At the time, I believed that Central Europe’s entry into the European Union, which was still far off and uncertain, would nullify the region’s most destructive tendencies. After all, the bloc had accomplished this for postwar Germany, Greece, Portugal, and Spain—all of which had emerged from radical dictatorships to become healthy democracies. Countries didn’t revert to despotism after acceding to the EU. Right?
But in Hungary the unthinkable happened: A state that jumped through all of the hoops to join the EU in 2004 commenced a rapid decline into authoritarianism just six years later. Other member states have endured stretches of democratic backsliding, including Romania, Slovenia, Slovakia, and, notably, Poland during the 2015 to 2023 Law and Justice government. But their political systems and societies were resilient enough to fight back and depose strongmen. Hungary did not rise from the mat.
Two new books grant us vivid insight into Hungary’s descent into dictatorship—a feat pulled off so skillfully by Prime Minister Viktor Orban that it inspires awe—and uncover the mechanisms that made the regime’s rise possible, even as the undemocratic country has remained in a bloc designed to promote and deepen the liberal character of its members.
In Embedded Autocracy: Hungary in the European Union, Hungarian political scientists Andras Bozoki and Zoltan Fleck dissect the many-headed hydra of the Orban regime.

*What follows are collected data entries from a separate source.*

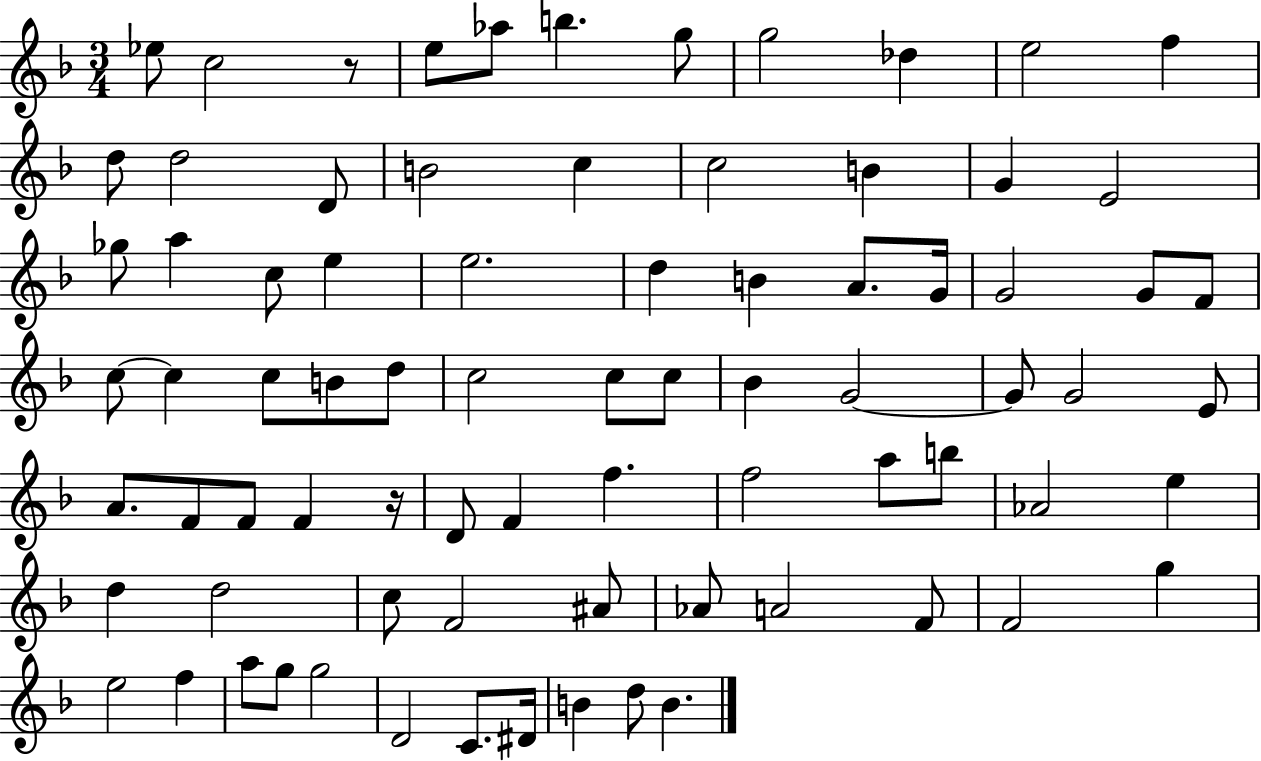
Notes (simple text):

Eb5/e C5/h R/e E5/e Ab5/e B5/q. G5/e G5/h Db5/q E5/h F5/q D5/e D5/h D4/e B4/h C5/q C5/h B4/q G4/q E4/h Gb5/e A5/q C5/e E5/q E5/h. D5/q B4/q A4/e. G4/s G4/h G4/e F4/e C5/e C5/q C5/e B4/e D5/e C5/h C5/e C5/e Bb4/q G4/h G4/e G4/h E4/e A4/e. F4/e F4/e F4/q R/s D4/e F4/q F5/q. F5/h A5/e B5/e Ab4/h E5/q D5/q D5/h C5/e F4/h A#4/e Ab4/e A4/h F4/e F4/h G5/q E5/h F5/q A5/e G5/e G5/h D4/h C4/e. D#4/s B4/q D5/e B4/q.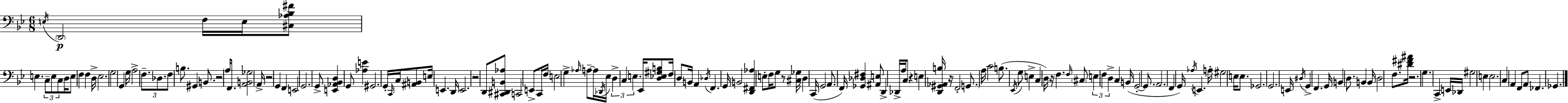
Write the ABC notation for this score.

X:1
T:Untitled
M:6/8
L:1/4
K:Gm
E,/4 D,,2 F,/4 E,/4 [^C,_A,_B,^F]/2 E, C,/2 E,/2 C,/2 D,/4 E,/2 F, F, D,/4 _E,2 G,2 G,, G,/4 A,2 F,/2 _D,/2 F,/2 B,/2 ^G,, B,,/2 z2 A,/4 F,,/2 [A,,B,,_G,]2 A,,/4 z2 G,, F,, E,,2 G,,2 G,,/2 [E,,_A,,_B,,D,] G,,/2 [_A,E] ^G,,2 G,,/4 C,,/4 C,/4 [^A,,B,,]/2 E,/4 E,, D,,/4 E,,2 z2 D,,/2 [^C,,^D,,B,,_A,]/2 C,,2 E,,/2 C,,/4 F,/4 E,2 G, _A,/4 A,/2 A,/4 _D,,/4 _E,/4 D, C, E, _E,,/4 [D,_E,^G,B,]/2 F,/4 D,/2 B,,/4 A,, _D,/4 F,, G,,/4 B,,2 [D,,^F,,_A,] E,/2 F,/4 G,/2 z/2 [^C,_G,]/4 D, C,,/4 G,,2 A,,/2 F,,/4 [_G,,_D,^F,] [^A,,E,]/2 D,, _D,,/4 A,/4 C,/2 z E, [D,,^G,,_A,,B,]/4 z/4 F,,2 G,,/2 A,/4 C2 B,/2 _E,,/4 G,/2 E, C, D,/4 z/4 F, F,/4 ^C,/2 E, F, D, C, B,,/4 G,,2 G,,/2 A,,2 F,, G,,/4 _A,/4 E,, A,/4 ^G,2 E,/4 E,/2 _G,,2 G,,2 E,,/4 ^D,/4 G,, F,, G,,/4 B,, D,/2 B,, B,,/4 D,2 F,/2 [^D^F^A]/4 z2 G, C,, E,,/4 _D,,/4 ^G,2 E, E,2 C, A,, F,,/2 A,,/2 _F,, _G,,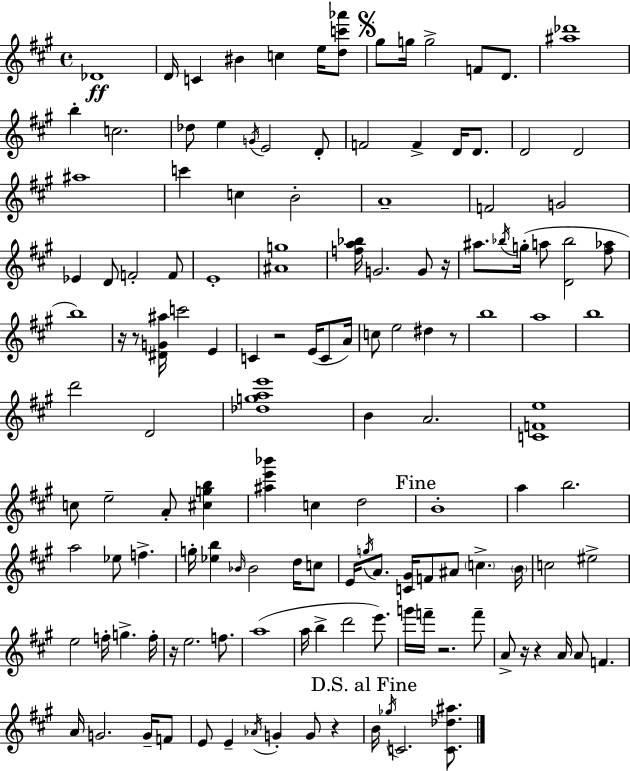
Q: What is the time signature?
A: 4/4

Orban’s Hungary isn’t an old-school dictatorship that snatched power by a coup or jails opposition figures. As this astute book details, it possesses all the trappings of democracy, including regular, monitored elections; a multiparty opposition; and thus far, the peaceful transfer of power. Today, non-Fidesz mayors rule in the largest, western-most cities such as Budapest, Szeged, Pecs, and Gyor. For most Hungarians, this is evidence enough that their country is a democracy, regardless of the diagnosis of political scientists. This achievement is Orban’s magic, which relies not on spells but rather on the ruthless application of power.
Born in rural Hungary in 1963, Orban—a self-proclaimed “illiberal” politician—was once a liberal activist. He became an anti-communist student leader in the 1980s while studying law in Budapest and even took up a research fellowship at Oxford University on George Soros’s dime. Along with other activists, he founded the Alliance of Young Democrats (Fidesz) in 1988 as a Western-minded movement to promote freedom and democracy. (Bozóki was formerly a member of Fidesz but left the party in 1993.)
Orban has orchestrated every Fidesz twist and turn since, his keen populist instincts charting the course rather than any ideology. Between 1993 and 1994, he jerked the rudder to the right, and in 1998, Orban and Fidesz took the country’s highest office for the first time at the head of a center-right coalition. The Orban government, offering a taste of what the future held, stretched propriety to the limit by rallying the media to its cause, promoting loyalists in the state apparatus, and ingratiating itself with deep-pocketed bankers and industrialists.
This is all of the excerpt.